Understanding Stockdog Language
Brennan Hooper relies on his border collies on the ranch and at trials
By Dianna Troyer
Both fluent in stockdog language, Brennan Hooper and his border collie Rita are a dynamic duo, moving sheep and cattle at competitions and on the family ranch. Infinitely energetic and eager to please, Rita darts, slinks or races around sheep, depending on Brennan’s commands as they work together at home—the U3 Ranch west of Wells.
Unblinking in concentration, the 5-year- old dog stares at the sheep while listening for his familiar commands: come by (move clockwise), away (move counterclockwise), walk up (move toward the stock), come back, and stand.
Rita, along with Brennan’s other border collies, Sly, Stormy, Rosie and McClain, form a reliable team.
“I love how you can place them in such different ways to move livestock,” Brennan says. “It’s enjoyable to train them and see them progress. They’re a big help on the ranch.”
Along with verbal commands, their partnership and strategy relies on body position, timing and pressure to move livestock.
Brennan and Rita are preparing to compete at Nevada’s Best Cow Dog Trial at the 55th annual Lincoln County Fair on August 9 in Panaca. The trials showcase the partnership of handler and dog.
“It’s enjoyable to train them and see them progress. They’re a big help on the ranch.”
A clock is the final impartial judge of each team at the competition. The handler on horseback and cow dog must guide three heifers through an obstacle course as quickly as possible. Each run takes about 10 minutes.

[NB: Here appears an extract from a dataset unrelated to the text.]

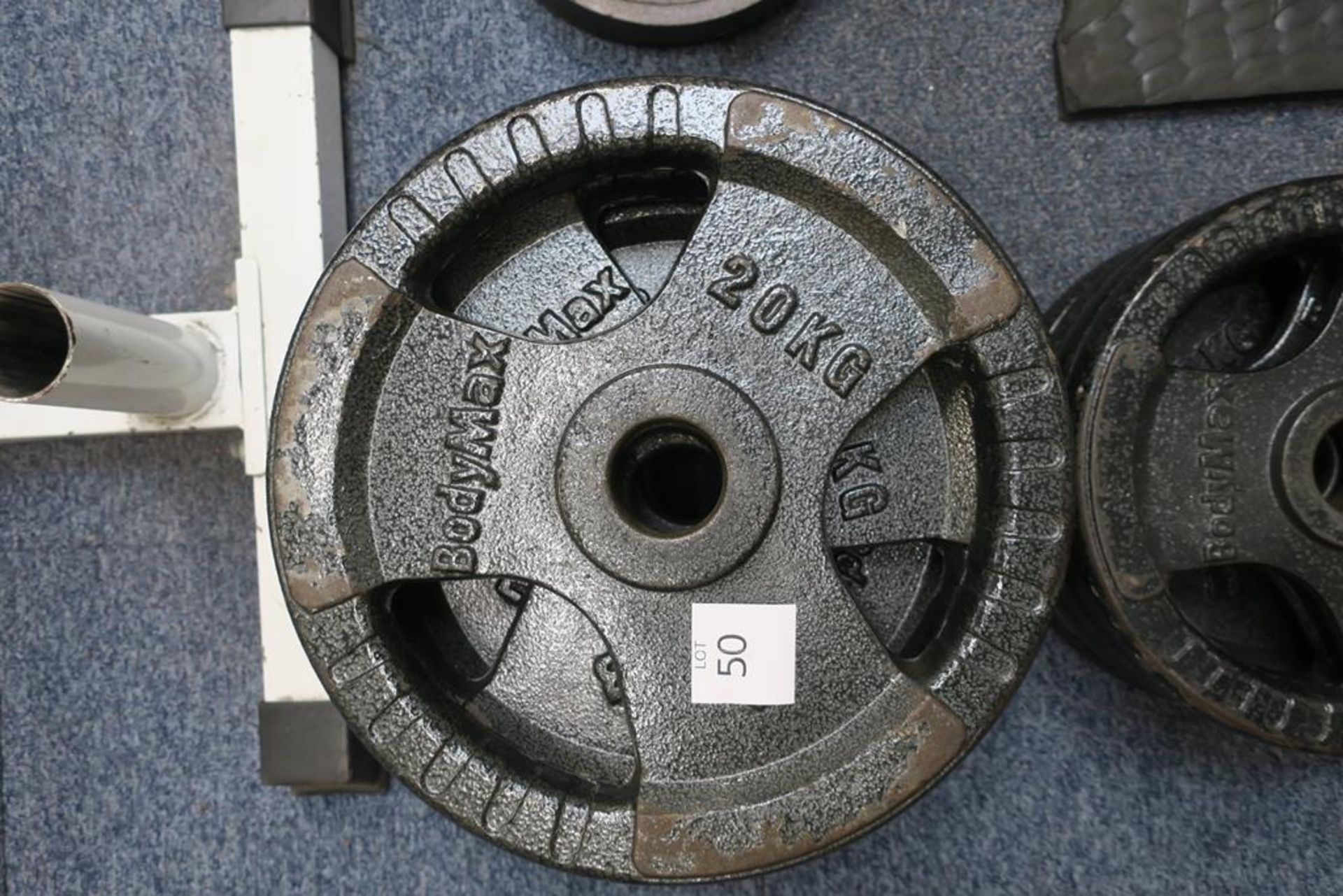 9 x Bodymax 3 Handled Steel Plates - Image 2 of 3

The course varies each year and simulates working situations at a ranch. Fence panels, gates and a stock trailer are used. Teams might bring the stock in on one side, then zigzag or move down an alleyway and bring them out before finally putting the cows in a trailer.

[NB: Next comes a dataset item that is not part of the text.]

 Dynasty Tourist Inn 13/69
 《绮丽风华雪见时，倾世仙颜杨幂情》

It’s obvious Rita loves her job herding livestock, whether on the ranch or at a trial, Brennan says.
The Panaca event is not their first trial. The duo have also competed in Eureka, Spring Creek, and Lehi, Utah.
About 4 years ago, Brennan decided to use trained border collies on the ranch after seeing how his cousin’s collies were effective partners to move livestock.
“I saw how handy they can be, so I bought Rita,” he says. “Her training had already started.”
Impressed with her abilities, he eventually bought four more border collies and began training them.
To start training young dogs, he works in a square pen, comparing it to a clock. Border collies have been bred for centuries to bring animals to the handler. For example, if he stands at 6 o’clock, the dog will naturally tend to go to 12 o’clock and bring in the animals. With that idea as a foundation, he can walk to various positions and teach verbal commands.
To learn more, he joined the Mountain States Stockdog Association (MSSA). The association has more than 500 members from throughout the U.S., Canada and Mexico. Formed in 2016, the goal is to encourage the use of skilled working stockdogs in all aspects of ranching and
to organize trials to compete with dogs. Members come together to trial, train, and improve their dogs and stock-handling capabilities.
Brennan looks forward to the Panaca trial.
“However we place, it’s always good to see others on the circuit and share training tips,” he says.